Saturday, September 5, 2009

Julie and Julia and Me

What you’ve heard by now is true. Meryl Streep continues to show audiences that there will be a gaping void that no current American actress will be able to fill when she decides to stop making films. Will Meghan Fox or Rachel McAdams be making that charge into the valley? Unless Jennifer’s Body or The Time Traveler’s Wife becomes the Sophie’s Choice of our generation, I doubt it. Nora Ephron is competent and fairly skilled behind the camera. She switches between her two story arcs enough that we have a solid sense of the characters involved, but not so much as to induce motion sickness. There are beautiful shots of Europe and New York deli meats, and what appears to be real joy coloring each of the frames.

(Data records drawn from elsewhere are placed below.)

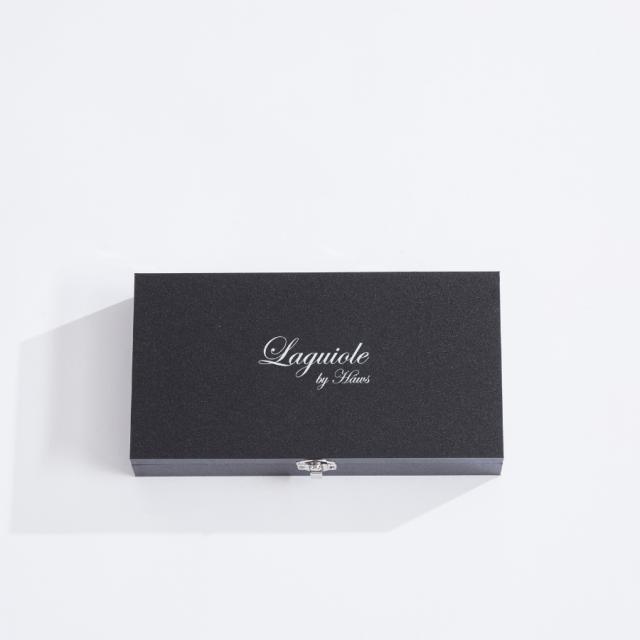 Laguiole by hâws steakknivsæt – 6 dele, eg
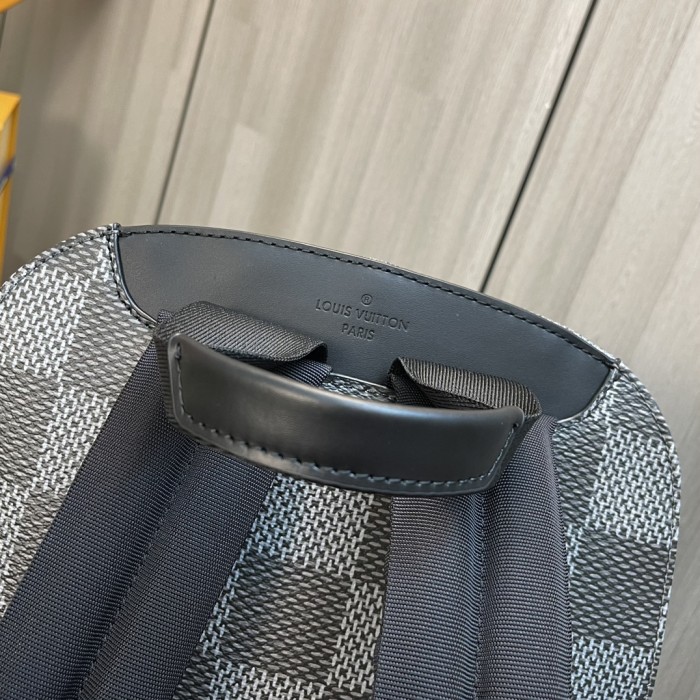 Handbag Louis Vuitton N50008 N50009 Damier Graphite 3D size：30 x 39 x 13 cm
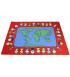 Global Friends Rug - 3m x 2m - view 2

Amy Adams is cute without being entirely Hallmark-y (most of the time), and Meryl Streep surprises the audience by casting aside her Look-How-Funny-Julia-Child-can-be imitation and imbuing the woman who had a life apart from being a caricature with real emotion. Take a look at the scene where Julia Child receives a letter from her sister announcing her pregnancy to see how devastating Streep can be as an actress.

Weeks later, I still find myself disarmed by the film. Julie and Julia held up a mirror and showed me one cynical, jaded S.O.B. in the reflection. Wait, married people can be happy? They can have healthy sexual relationships, face difficulties and overcome them, and maintain their sense of individuality? People work and achieve success based on their dedication? Lives can end happily? But that can’t be true! I’ve seen Closer, The Secret Lives of Dentists, and the trailer for Revolutionary Road! I kept waiting for the bottom to fall out, for something horrible to happen in the narrative. Julia Child’s husband is locked up by McCarthy! Julie Powell gets a divorce! My eyes searched the screen for clues to this darker side, for the crumbs that would lead to an unhappy ending. Nope, nothing but rainbows and roses as far as the eye can see.

Even when Julie Powell has a “fight” with her husband that leads to him storming out and saying potentially hurtful things, the movie doesn’t skip a beat. With Henry Wolfe’s “Stop the Train” playing in the background (a more complicated song than the movie might advertise), Julie lives her life in a sped up what’s-it-like-without-my-husband montage. Apparently it involves blogging. It won’t ruin the plot by telling you that he does return and says the one romantic line that all girls want to hear: “So what’s for dinner?” I can’t wait to use that line on my loved one.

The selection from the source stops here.